Overslaan en naar de inhoud gaan

Bundel ‘Een radicale omkering in het sociaal domein’

Laatste update:

4 Ieder het zijne bieden

4.3 Omgaan met complexe vraagstukken

Veel, maar lang niet alle vragen van burgers zijn enkelvoudig en relatief makkelijk op te lossen. Zij kloppen ook met complexere vragen en samenhangende problemen bij de gemeente aan. Of kloppen niet aan. Om bij ingewikkelde hulpvragen te doen wat nodig is en ieder het zijne te geven, moeten professionals in het sociaal domein een aantal scenario’s nalopen waarop zij hun handelen baseren. We noemen er hier drie, al zijn er ongetwijfeld meer te bedenken.

1. Hulp bieden (ook als er geen hulpvraag is)

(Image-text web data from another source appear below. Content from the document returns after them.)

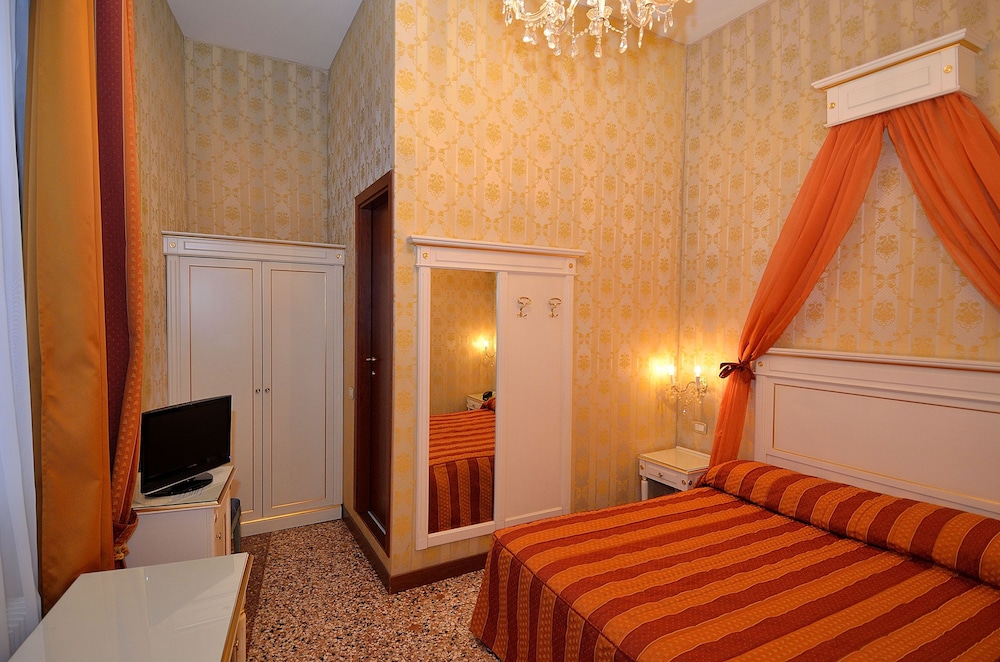 Locanda La Corte — Hotel rooms in Venice, Veneto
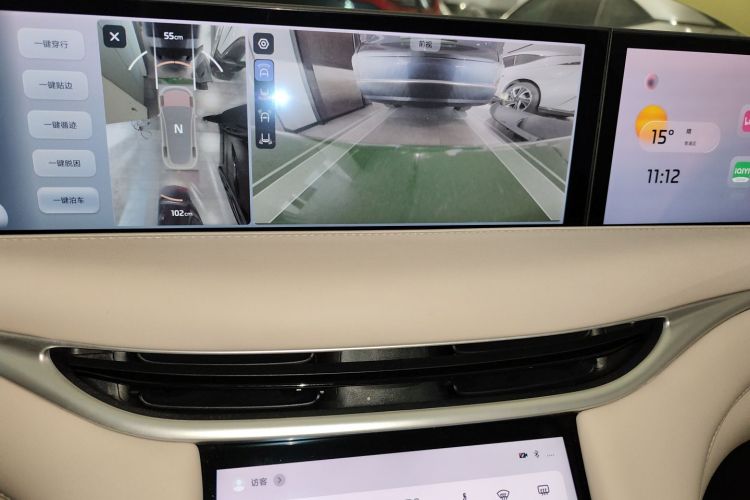 智己汽车 智己L6 2024款 Max 超强性能版中控内饰16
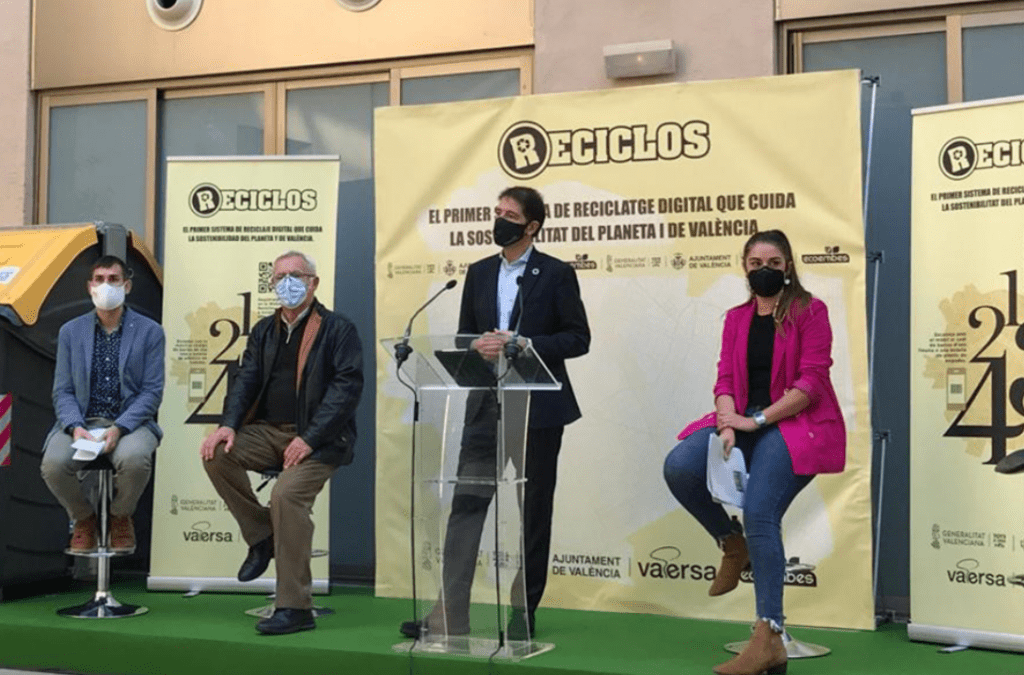 Valencia se convierte en la ciudad con mayor población en España en implantar RECICLOS, el sistema de reciclaje con recompensa de Ecoembes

Een inclusieve samenleving is het streven en de officiële redenering is dat er voor iedereen een plek is: niemand hoeft in eenzaamheid, armoede of onbegrip achter te blijven. En wie zijn of haar plek verliest of inkomen kwijtraakt, kan rekenen op hulp. Burgers hoeven alleen maar aan te kloppen.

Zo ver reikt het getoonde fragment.